Half Japanese
Hello
[Alternative Tentacles]
Rating: 7.0
Everybody needs an anthem, something to which you can pump your fist and
shout. Something that makes you jump up and down, want to start a band, and
scream at the top of your lungs. Something so mindlessly glorious that you
can't help but think how kind and benign the world is because it's capable of
producing such a work. A three-minute blurt of simple-minded, uni-directional
rock-and-roll flameout. Happily, such an anthem doesn't have to remain
constant. Your anthem of choice can change from moment to moment, year to
year, mood to mood.
For the moment, "Patty," from Hello, seems like a perfectly serviceable
personal anthem. A heartfelt, plainspoken song about overwrought, decent,
all-American lust for a person with the titular name, "Patty" overflows with
riffs, keyboard twiddles and frantic, propulsive rhythms. It's direct, silly
and noisy enough to ring from sea to shining sea as a pounding rock track
utterly worthy of anthemhood.
Even better, Half Japanese aren't really the sort of band inclined to produce
anthems in the first place. A rotating lineup of sidemen backing Jad and David
Fair, these guys have been around for decades, authoring affable little
garage-rock haiku. On the band's early records, much of this work was composed
of twiddling guitars and Jad's nasal talk-sing. Most songs finished in little
more than a minute, sounded largely improvised, and involved Frankenstein as a
lyrical leitmotif.
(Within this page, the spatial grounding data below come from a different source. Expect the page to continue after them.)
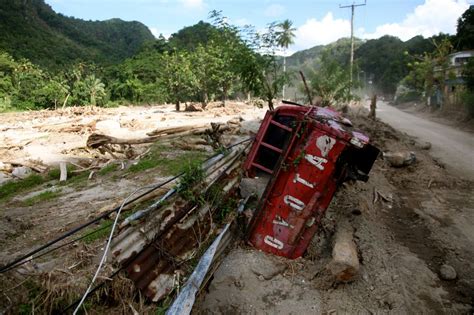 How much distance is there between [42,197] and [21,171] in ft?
11.4

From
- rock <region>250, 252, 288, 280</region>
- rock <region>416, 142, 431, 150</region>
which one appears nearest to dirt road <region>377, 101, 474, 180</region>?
rock <region>416, 142, 431, 150</region>

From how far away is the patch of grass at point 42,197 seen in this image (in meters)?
7.26

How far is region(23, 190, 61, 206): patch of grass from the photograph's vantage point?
7.26 meters

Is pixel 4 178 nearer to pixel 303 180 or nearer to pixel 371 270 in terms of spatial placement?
pixel 303 180

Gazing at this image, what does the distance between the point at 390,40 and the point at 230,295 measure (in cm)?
7443

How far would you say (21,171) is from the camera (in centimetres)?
1019

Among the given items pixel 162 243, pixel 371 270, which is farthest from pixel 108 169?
pixel 371 270

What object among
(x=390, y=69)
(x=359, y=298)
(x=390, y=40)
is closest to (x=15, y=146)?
(x=359, y=298)

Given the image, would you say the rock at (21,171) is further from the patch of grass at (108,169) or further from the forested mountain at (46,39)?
the forested mountain at (46,39)

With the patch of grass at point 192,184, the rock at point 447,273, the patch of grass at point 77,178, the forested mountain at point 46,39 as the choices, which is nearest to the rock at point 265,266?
the patch of grass at point 192,184

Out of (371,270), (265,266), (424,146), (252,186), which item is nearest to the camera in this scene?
(265,266)

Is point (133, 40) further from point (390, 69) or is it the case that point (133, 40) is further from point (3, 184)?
point (3, 184)

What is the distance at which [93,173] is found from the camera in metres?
8.91

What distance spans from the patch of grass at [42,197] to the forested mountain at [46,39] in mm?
40821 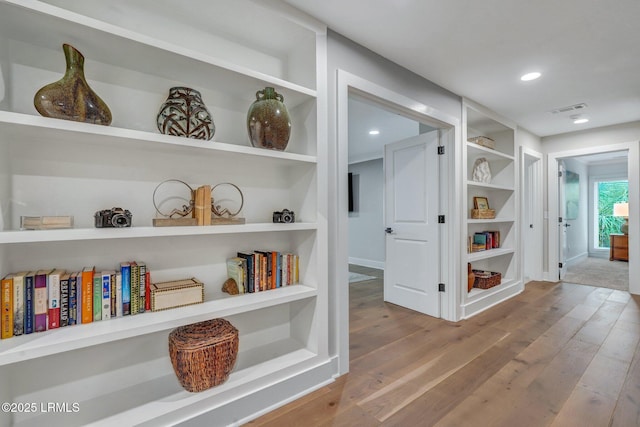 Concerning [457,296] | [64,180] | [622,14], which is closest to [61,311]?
[64,180]

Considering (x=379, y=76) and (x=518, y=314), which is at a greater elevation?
(x=379, y=76)

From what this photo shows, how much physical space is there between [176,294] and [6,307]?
0.61 metres

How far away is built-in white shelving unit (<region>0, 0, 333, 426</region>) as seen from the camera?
126 centimetres

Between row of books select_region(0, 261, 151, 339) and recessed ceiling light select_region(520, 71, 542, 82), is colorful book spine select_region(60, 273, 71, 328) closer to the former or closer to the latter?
row of books select_region(0, 261, 151, 339)

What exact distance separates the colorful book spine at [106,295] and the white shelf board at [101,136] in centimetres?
62

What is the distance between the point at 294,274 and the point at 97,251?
3.56 ft

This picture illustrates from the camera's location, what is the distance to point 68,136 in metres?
1.28

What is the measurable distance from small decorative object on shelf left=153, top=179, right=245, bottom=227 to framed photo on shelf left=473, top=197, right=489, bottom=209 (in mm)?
3216

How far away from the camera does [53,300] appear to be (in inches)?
49.9

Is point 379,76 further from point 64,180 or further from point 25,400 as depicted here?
point 25,400

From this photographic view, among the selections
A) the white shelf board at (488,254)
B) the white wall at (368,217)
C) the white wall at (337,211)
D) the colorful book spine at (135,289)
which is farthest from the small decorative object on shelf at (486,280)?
the colorful book spine at (135,289)

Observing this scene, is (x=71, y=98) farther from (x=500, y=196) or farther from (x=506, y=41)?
(x=500, y=196)

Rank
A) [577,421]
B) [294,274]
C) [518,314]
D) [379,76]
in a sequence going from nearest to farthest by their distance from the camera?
[577,421], [294,274], [379,76], [518,314]

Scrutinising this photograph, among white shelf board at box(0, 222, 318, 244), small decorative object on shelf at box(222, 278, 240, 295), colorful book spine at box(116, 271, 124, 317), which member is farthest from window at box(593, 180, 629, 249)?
colorful book spine at box(116, 271, 124, 317) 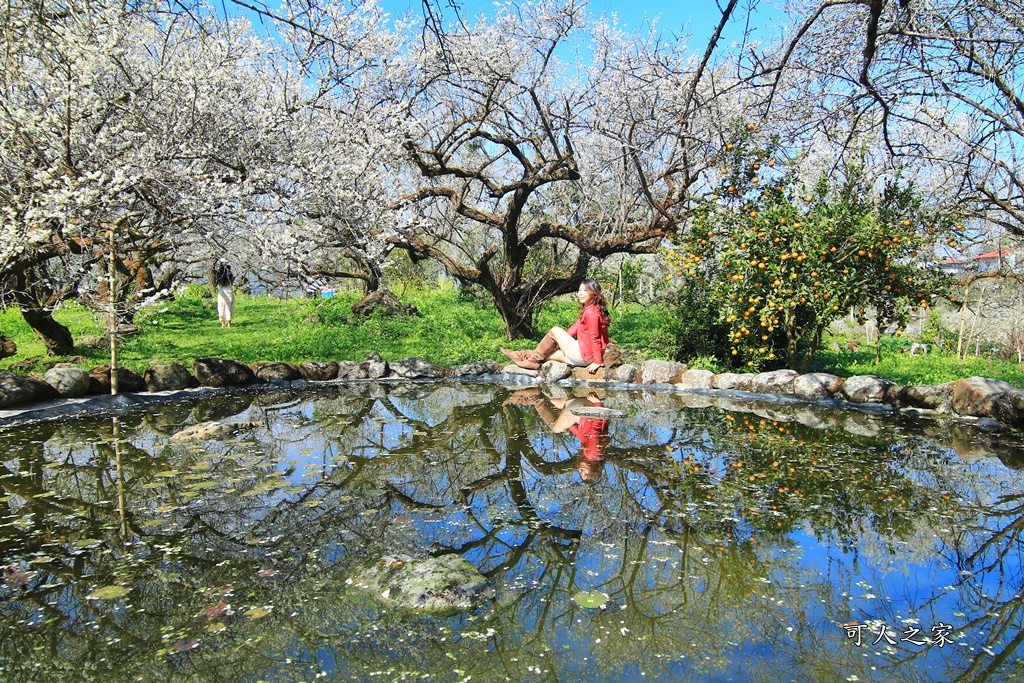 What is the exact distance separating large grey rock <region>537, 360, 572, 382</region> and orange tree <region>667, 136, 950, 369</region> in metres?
2.85

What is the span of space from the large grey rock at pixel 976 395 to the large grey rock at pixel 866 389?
0.96 m

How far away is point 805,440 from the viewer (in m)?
8.15

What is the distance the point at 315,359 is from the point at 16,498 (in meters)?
8.40

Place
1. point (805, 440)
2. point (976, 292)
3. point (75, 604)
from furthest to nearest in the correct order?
point (976, 292), point (805, 440), point (75, 604)

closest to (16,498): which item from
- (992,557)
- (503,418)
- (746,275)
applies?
(503,418)

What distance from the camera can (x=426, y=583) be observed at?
4133 mm

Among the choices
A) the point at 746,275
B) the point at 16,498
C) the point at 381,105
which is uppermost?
the point at 381,105

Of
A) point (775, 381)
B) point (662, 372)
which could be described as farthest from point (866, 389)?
point (662, 372)

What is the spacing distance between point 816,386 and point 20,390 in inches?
449

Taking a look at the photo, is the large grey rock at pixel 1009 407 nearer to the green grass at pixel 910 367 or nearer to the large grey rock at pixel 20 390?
the green grass at pixel 910 367

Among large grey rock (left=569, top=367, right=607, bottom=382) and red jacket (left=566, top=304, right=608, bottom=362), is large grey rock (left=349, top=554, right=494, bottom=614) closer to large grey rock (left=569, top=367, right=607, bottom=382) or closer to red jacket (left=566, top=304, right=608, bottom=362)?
red jacket (left=566, top=304, right=608, bottom=362)

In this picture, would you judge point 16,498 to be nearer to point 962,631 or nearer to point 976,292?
point 962,631

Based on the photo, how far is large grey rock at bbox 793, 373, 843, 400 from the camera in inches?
421

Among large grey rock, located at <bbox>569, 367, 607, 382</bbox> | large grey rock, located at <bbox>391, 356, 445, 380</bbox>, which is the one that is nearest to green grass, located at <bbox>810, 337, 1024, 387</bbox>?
large grey rock, located at <bbox>569, 367, 607, 382</bbox>
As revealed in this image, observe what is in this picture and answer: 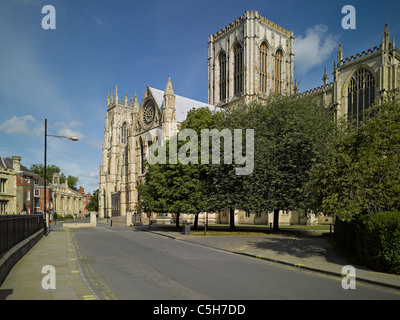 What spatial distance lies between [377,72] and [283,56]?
26.1 metres

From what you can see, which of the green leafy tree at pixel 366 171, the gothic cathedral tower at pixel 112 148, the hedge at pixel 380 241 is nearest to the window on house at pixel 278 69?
the gothic cathedral tower at pixel 112 148

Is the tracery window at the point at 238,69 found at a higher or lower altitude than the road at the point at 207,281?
higher

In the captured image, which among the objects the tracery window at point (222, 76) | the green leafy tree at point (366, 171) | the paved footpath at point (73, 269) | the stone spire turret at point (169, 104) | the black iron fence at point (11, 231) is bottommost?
the paved footpath at point (73, 269)

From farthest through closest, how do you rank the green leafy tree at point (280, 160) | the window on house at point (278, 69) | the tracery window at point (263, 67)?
the window on house at point (278, 69), the tracery window at point (263, 67), the green leafy tree at point (280, 160)

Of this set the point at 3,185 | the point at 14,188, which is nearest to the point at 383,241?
the point at 3,185

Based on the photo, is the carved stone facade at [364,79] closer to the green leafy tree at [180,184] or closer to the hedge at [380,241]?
the green leafy tree at [180,184]

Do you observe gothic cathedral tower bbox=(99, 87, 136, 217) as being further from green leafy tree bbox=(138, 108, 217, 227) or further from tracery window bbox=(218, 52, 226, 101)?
green leafy tree bbox=(138, 108, 217, 227)

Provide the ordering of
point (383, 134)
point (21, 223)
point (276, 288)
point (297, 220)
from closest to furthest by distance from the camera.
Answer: point (276, 288)
point (383, 134)
point (21, 223)
point (297, 220)

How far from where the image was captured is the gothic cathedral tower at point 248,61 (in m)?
58.3

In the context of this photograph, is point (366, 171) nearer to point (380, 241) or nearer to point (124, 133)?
point (380, 241)

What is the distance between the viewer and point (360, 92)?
149 ft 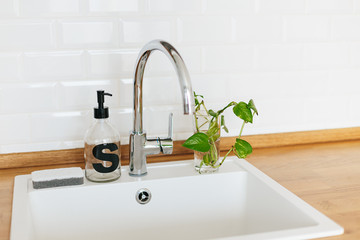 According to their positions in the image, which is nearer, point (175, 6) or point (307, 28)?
point (175, 6)

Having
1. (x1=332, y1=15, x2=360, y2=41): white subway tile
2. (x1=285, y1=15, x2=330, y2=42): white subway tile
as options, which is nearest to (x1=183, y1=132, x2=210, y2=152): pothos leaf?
(x1=285, y1=15, x2=330, y2=42): white subway tile

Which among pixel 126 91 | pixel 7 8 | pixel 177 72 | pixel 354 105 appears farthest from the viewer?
pixel 354 105

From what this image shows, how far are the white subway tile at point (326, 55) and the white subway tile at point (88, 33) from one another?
640 mm

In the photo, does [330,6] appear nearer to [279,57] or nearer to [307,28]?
[307,28]

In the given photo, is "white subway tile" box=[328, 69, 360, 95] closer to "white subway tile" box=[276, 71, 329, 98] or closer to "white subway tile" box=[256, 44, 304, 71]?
"white subway tile" box=[276, 71, 329, 98]

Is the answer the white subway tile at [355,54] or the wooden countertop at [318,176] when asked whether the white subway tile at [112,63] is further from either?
the white subway tile at [355,54]

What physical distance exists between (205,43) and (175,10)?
136mm

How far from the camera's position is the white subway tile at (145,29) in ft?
4.29

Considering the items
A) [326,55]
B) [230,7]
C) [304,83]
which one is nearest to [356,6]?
[326,55]

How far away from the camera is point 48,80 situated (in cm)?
128

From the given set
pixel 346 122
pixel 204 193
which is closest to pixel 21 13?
pixel 204 193

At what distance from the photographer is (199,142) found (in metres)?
1.12

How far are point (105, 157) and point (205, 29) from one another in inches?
20.1

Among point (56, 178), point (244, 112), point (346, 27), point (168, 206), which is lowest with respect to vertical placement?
point (168, 206) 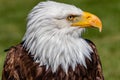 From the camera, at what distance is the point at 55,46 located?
922 cm

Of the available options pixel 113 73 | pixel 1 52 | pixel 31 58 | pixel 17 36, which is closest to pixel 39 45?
pixel 31 58

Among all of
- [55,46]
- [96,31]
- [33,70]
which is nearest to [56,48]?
[55,46]

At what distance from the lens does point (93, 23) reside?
9219 millimetres

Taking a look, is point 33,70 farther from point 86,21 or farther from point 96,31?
point 96,31

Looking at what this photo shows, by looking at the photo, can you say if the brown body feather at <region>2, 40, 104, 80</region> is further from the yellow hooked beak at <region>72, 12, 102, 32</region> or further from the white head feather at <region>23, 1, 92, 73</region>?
the yellow hooked beak at <region>72, 12, 102, 32</region>

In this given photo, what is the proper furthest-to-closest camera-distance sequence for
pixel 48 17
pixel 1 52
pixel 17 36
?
pixel 17 36 → pixel 1 52 → pixel 48 17

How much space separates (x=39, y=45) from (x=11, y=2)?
40.3 ft

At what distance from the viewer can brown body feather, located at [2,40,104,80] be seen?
30.4ft

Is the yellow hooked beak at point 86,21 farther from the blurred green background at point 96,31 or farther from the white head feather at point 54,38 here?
the blurred green background at point 96,31

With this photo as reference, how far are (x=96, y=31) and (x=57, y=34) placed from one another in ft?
27.1

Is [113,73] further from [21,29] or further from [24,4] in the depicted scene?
[24,4]

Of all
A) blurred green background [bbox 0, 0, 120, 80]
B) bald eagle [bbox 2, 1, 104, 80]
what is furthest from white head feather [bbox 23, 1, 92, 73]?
blurred green background [bbox 0, 0, 120, 80]

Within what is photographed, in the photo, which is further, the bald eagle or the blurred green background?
the blurred green background

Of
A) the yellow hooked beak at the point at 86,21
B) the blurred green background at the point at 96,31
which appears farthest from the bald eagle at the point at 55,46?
the blurred green background at the point at 96,31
Virtually every song served as a poignant metaphor for
personal and social disaffection, as Jad's narrators struggled against cowboys,
monsters and his own crippling shyness. And in most of these pitched battles,
he found himself on the losing side.
Frankenstein's still around, happily, but Hello distinctly falls into
the more recent, relatively relaxed region of Half Japanese's discography.
Backed by an able rhythm section, Jad goes it alone this time, pounding out
developed, somewhat nuanced rock songs that never give up his musical
adolescence's charming naïveté and idiosyncrasy. Though the opener, "All the
Angels Said Go to Her," musters an almost-soulful groove, it still nicely
complements Jad's loopy lyrical vision and the inimitable whine of his vocals.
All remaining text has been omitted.